The one change that you can’t easily see but can definitely feel is to the suspension. The GT ditches the normal RS6’s air suspension and replaces it with trick passively damped coilovers. They’re manually three-way adjustable, meaning that you need to jack the car up and get busy with the included spanner set to change the damper settings. The anti-roll bars are also stiffer: 30% at the front, 80% at the rear.
Any fears – or hopes, depending on your point of view – that this turns the RS6 into some sort of uncompromising track special don’t materialise. A two-tonne estate car on 21in wheels and passive suspension has no business riding this well. I don’t know what the dampers on our test car were set to (probably the softer end), but they are a bit of magic.
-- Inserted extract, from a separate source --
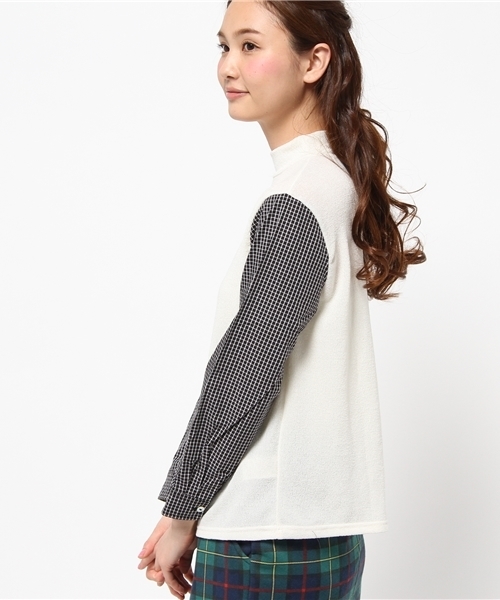 Kastane（カスタネ）の「【Kastane】ハイネックシャツ袖プルオーバー（Tシャツ/カットソー・レディース・アイボリー/グレー/ネイビー・FREE）」の5枚目の写真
They effectively take out the slight bit of indirectness that the air-sprung RS6 has without making it in any way harsh, busy or reactive.
An RS6 is a big, heavy car, which was a little daunting when I was driving a right-hand-drive example on narrow Spanish roads, but because it responds so naturally and feeds back through the steering, I was soon comfortable pushing it quite hard.
I wouldn’t call it throttle-adjustable: it’s still an Audi, but one that deals in neutrality rather than understeer. That’s partly due to the four-wheel drive system, which is nowhere near as rear-biased as that of a BMW M car. The engine also plays a part: booting the throttle out of tight corners is exceedingly unlikely to bring the rear axle into play, even on wet roads, because by the time the V8 has filled its lungs, the corner has usually straightened out.